More than 500 guests arrived at Perkins School for the Blind’s annual Gala on Thursday anticipating an evening of great music, celebration and generosity. They didn’t expect to witness history being made. 

But that’s exactly what happened when Perkins Board Chair Corinne Grousbeck announced the launch of BlindNewWorld – the first-ever social change campaign aimed at changing society’s misperceptions about people who are blind.

The national campaign is sponsored by Perkins and features an interactive website that shatters myths about blindness, two short films challenging viewers to reconsider their attitudes about people with visual impairment, and hashtag-ready messaging expected to spark a groundswell of support on social media.

“The goal is to start a conversation about blindness, to demystify it,” said Grousbeck. “We will enlighten sighted people about what the blind can do in the 21st century, and we’re going to start right now.”

In a recent survey commissioned by Perkins, more than half of respondents reported feeling uncomfortable around people who are blind. Eighty percent said they pitied people with visual impairments, a reaction Grousbeck called “disempowering” to people who are blind.

“As the thought leader in blind education, we feel compelled to do something about this,” she said.

Grousbeck’s announcement set the tone for the 11th annual Perkins Possibilities Gala, which raised $1.1 million to support Perkins’ life-changing programs for children who are blind. Of that amount, $170,000 was raised through the annual Technology Challenge to provide cutting-edge technology to students and alumni.

Perkins Secondary Program student Mikolai introduced the Challenge by describing the importance of technology in his everyday life. He uses an image identification app, TapTapSee, to correctly identify items in the grocery store, allowing him to shop independently.

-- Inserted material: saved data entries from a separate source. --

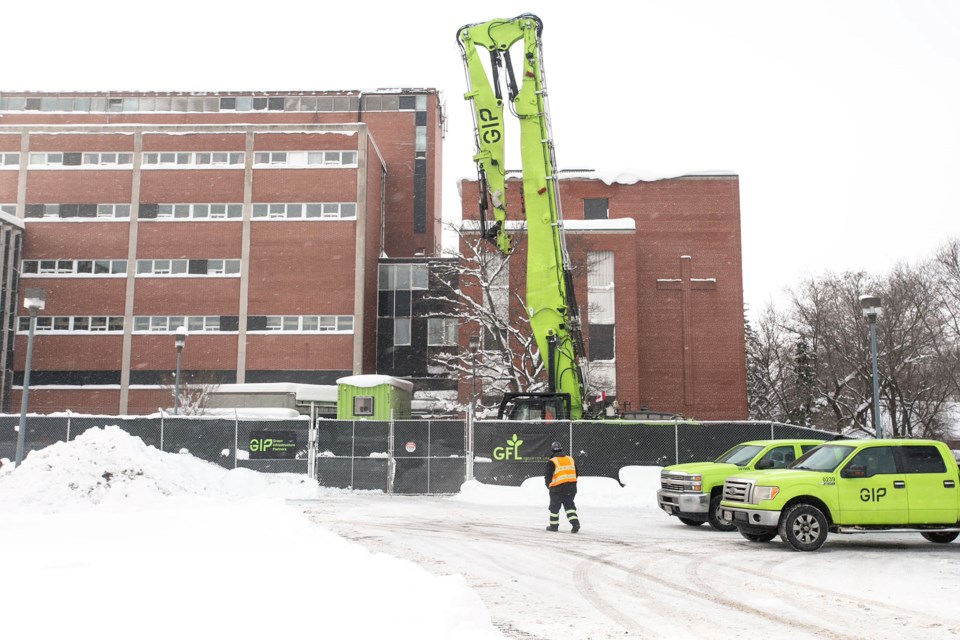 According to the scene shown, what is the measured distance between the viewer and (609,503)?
2195 centimetres

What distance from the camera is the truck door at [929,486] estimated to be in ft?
45.9

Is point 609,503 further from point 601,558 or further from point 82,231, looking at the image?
point 82,231

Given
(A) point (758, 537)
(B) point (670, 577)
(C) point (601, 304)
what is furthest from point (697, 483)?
(C) point (601, 304)

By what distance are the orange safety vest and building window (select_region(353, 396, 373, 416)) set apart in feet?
60.5

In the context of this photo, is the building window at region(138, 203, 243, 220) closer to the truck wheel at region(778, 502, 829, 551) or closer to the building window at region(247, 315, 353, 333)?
the building window at region(247, 315, 353, 333)

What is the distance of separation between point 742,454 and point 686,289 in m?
31.0

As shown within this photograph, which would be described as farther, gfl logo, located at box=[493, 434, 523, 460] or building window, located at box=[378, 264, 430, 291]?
building window, located at box=[378, 264, 430, 291]

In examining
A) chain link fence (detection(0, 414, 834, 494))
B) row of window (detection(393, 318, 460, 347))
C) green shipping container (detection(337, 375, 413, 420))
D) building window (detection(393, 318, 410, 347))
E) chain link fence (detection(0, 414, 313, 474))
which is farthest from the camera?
building window (detection(393, 318, 410, 347))

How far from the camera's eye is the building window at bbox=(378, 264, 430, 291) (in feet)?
167

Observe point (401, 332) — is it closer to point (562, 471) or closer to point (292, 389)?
point (292, 389)

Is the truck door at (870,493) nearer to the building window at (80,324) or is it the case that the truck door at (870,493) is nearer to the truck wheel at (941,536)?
the truck wheel at (941,536)

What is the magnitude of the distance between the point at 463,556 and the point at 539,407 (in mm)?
11441

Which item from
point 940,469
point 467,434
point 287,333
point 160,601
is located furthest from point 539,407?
point 287,333

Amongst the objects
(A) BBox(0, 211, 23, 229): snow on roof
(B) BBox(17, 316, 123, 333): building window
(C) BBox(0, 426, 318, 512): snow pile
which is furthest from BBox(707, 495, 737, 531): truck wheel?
(A) BBox(0, 211, 23, 229): snow on roof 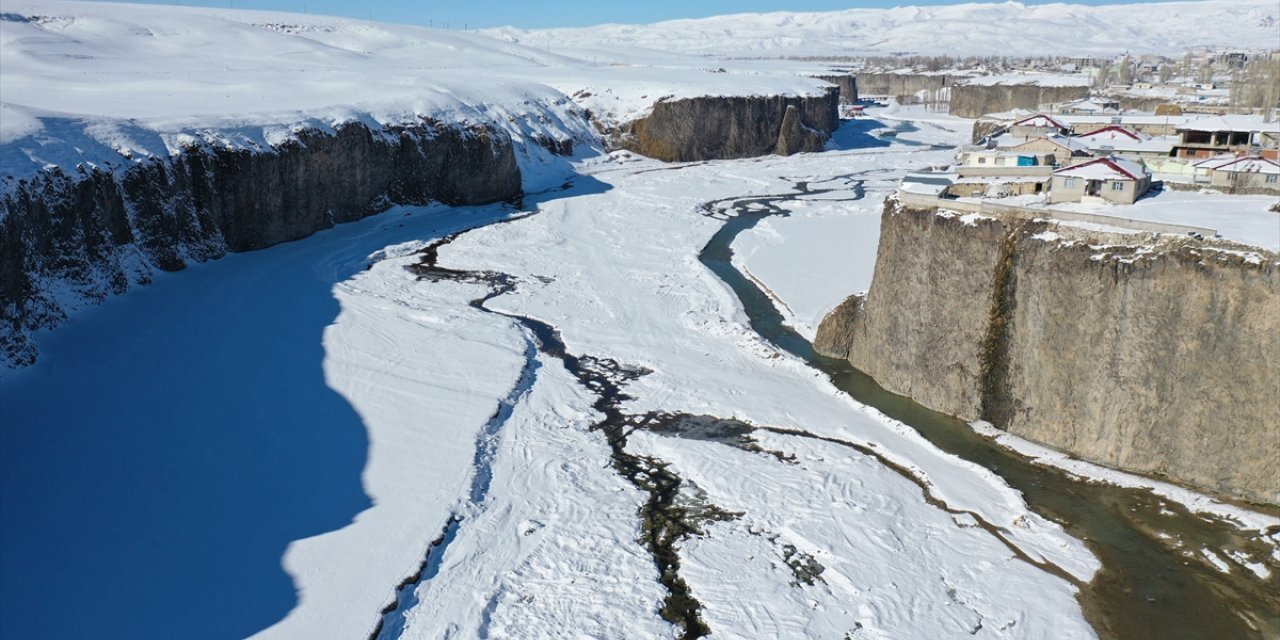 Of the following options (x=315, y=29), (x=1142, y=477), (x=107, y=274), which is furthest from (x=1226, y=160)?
(x=315, y=29)

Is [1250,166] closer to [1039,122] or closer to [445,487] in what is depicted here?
[445,487]

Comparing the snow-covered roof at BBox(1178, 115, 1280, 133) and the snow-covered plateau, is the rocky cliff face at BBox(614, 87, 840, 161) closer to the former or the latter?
the snow-covered plateau

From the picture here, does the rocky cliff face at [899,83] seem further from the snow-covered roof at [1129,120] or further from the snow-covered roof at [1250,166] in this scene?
the snow-covered roof at [1250,166]

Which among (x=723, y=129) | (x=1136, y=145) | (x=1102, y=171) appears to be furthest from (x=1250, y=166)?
(x=723, y=129)

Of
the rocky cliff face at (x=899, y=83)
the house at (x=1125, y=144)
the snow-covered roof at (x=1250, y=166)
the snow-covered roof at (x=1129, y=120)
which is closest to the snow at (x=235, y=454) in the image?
the snow-covered roof at (x=1250, y=166)

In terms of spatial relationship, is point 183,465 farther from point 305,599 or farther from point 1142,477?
point 1142,477

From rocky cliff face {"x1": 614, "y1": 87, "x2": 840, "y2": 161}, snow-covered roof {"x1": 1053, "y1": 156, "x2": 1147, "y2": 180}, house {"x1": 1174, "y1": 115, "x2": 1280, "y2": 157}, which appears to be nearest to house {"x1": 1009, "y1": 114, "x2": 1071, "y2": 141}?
house {"x1": 1174, "y1": 115, "x2": 1280, "y2": 157}

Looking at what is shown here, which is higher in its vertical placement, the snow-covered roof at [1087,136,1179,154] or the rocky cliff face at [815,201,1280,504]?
the snow-covered roof at [1087,136,1179,154] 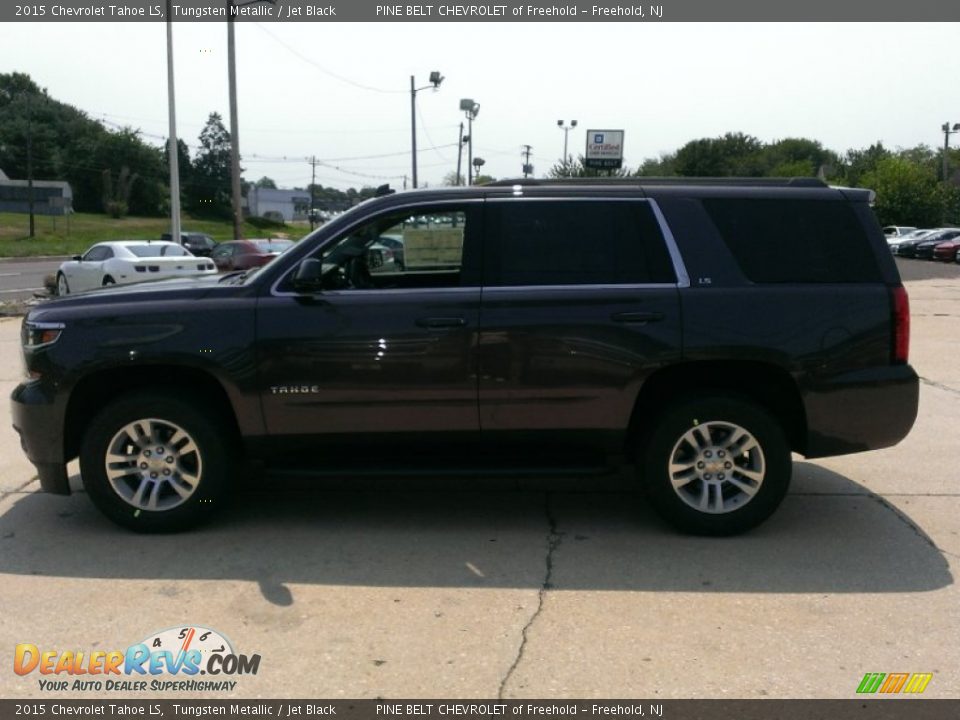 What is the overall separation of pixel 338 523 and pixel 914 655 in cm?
315

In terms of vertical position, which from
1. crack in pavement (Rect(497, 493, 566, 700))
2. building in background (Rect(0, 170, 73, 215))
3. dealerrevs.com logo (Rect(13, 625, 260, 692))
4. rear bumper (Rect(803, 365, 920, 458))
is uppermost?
building in background (Rect(0, 170, 73, 215))

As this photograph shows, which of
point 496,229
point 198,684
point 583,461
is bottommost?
point 198,684

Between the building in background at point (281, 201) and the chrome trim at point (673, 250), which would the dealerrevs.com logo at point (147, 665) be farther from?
the building in background at point (281, 201)

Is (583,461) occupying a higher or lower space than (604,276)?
lower

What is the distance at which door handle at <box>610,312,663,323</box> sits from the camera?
4812mm

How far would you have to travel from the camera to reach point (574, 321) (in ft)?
15.8

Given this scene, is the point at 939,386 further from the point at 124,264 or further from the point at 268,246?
the point at 268,246

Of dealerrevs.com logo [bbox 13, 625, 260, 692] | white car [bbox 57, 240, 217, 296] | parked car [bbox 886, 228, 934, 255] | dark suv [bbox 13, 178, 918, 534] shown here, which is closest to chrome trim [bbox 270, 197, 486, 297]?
dark suv [bbox 13, 178, 918, 534]

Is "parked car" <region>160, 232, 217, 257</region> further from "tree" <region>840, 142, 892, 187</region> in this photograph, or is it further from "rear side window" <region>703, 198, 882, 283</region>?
"tree" <region>840, 142, 892, 187</region>

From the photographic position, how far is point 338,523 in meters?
5.28

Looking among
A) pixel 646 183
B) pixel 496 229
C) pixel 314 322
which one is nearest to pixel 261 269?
pixel 314 322

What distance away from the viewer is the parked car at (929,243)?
4572cm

For someone who is blind, a can of green beans feels exactly the same as a can of dog food, he said.

“With TapTapSee, a terrible mistake is avoided,” he told the crowd with a grin.

Members of the ’70s R&B group Tavares pulled the Gala crowd onto the dance floor with classic hits like “More Than a Woman” and “Heaven Must Be Missing an Angel.” They were joined by the Perkins Student Chorus, which separately performed some throw-back numbers of its own, including a Beatles medley backed by a 10-piece band from Berklee College of Music.

As the night wore on, guests mingled with Perkins students and alumni and heard from Perkins President and CEO Dave Power about major programs and initiatives, including the Expanded Core Curriculum and the new Pre-Employment Program, which equips teenagers who are blind with the skills they need to find employment and succeed on the job.

Power also described a new mobile app being developed by Perkins with funding from Google.org. The app will help people who are blind locate specific locations, like bus stops, by providing them with crowdsourced navigational clues.

“Technology is one of the ways that we’re going to make the world more accessible for people who are blind,” said Power. “This is our first mobile app at Perkins and it won’t be our last.”

The Gala was co-chaired by Grousbeck, long-time Perkins supporters Evelyn and Michael Treacy and “Friends” producer Kevin Bright, who has produced and directed the Gala for six consecutive years.

“It may seem like work to some but this is a gift that comes to me every year,” Bright said.